Directions for this task: The records that follow are to be given again exactly. Do not carry over any image.

[Brief descriptive captions]
────────────────
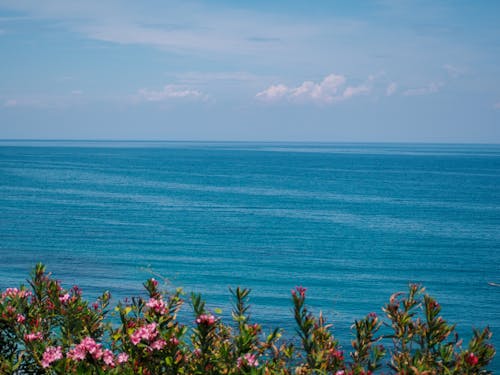 Kostenloses Stock Foto zu friedlich, friedvoll, horizont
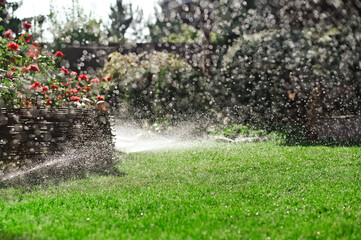 Obraz premium Sprinkler system in backyard of private house watering lawn and shrubs, ensuring lush greenery. this keeps lawn and shrubs vibrant and healthy, enhancing the beauty of backyard.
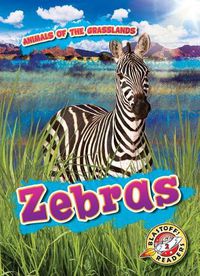 Cover image for Zebras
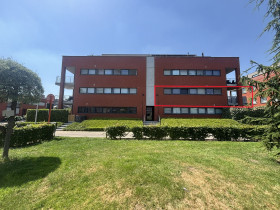 Mieszkanie — Hasselt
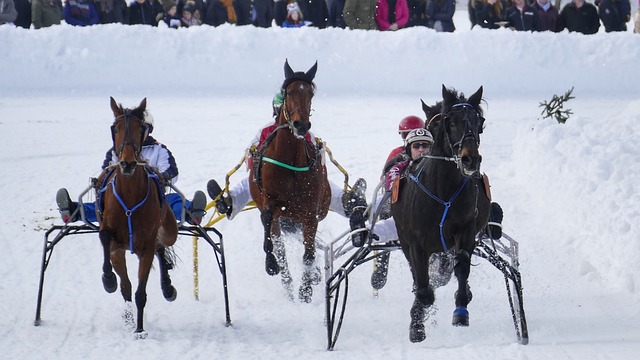 他却遭遇了 他却遭遇了
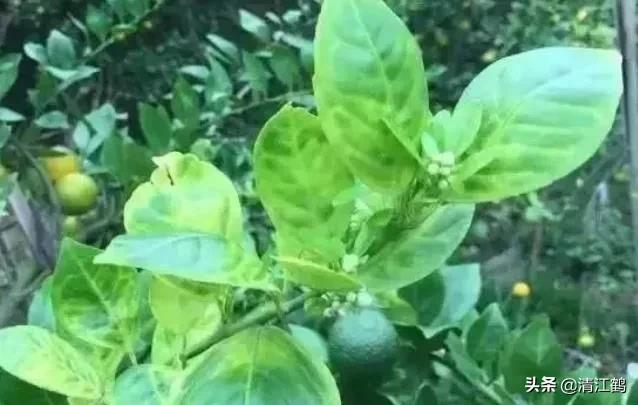 黄龙病树不砍除会自然枯死吗,黄龙树病能治理吗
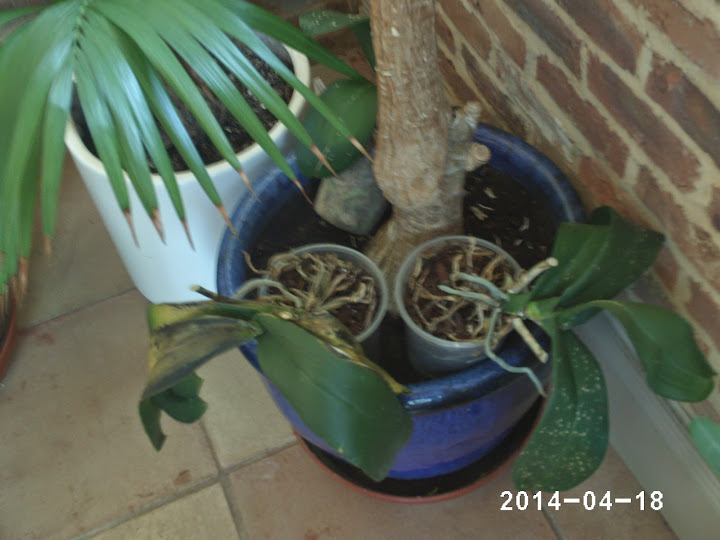 PHOT0259.JPG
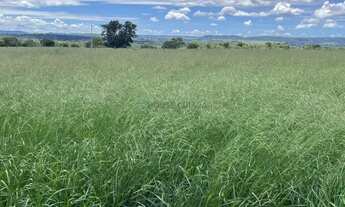 Imagem 7: Fazenda de 150 hectares toda escriturada e em dia, na beira do lago do manso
────────────────
Response to the task:
 Kostenloses Stock Foto zu friedlich, friedvoll, horizont
 Obraz premium Sprinkler system in backyard of private house watering lawn and shrubs, ensuring lush greenery. this keeps lawn and shrubs vibrant and healthy, enhancing the beauty of backyard.
 Cover image for Zebras
 Mieszkanie — Hasselt
 他却遭遇了 他却遭遇了
 黄龙病树不砍除会自然枯死吗,黄龙树病能治理吗
 PHOT0259.JPG
 Imagem 7: Fazenda de 150 hectares toda escriturada e em dia, na beira do lago do manso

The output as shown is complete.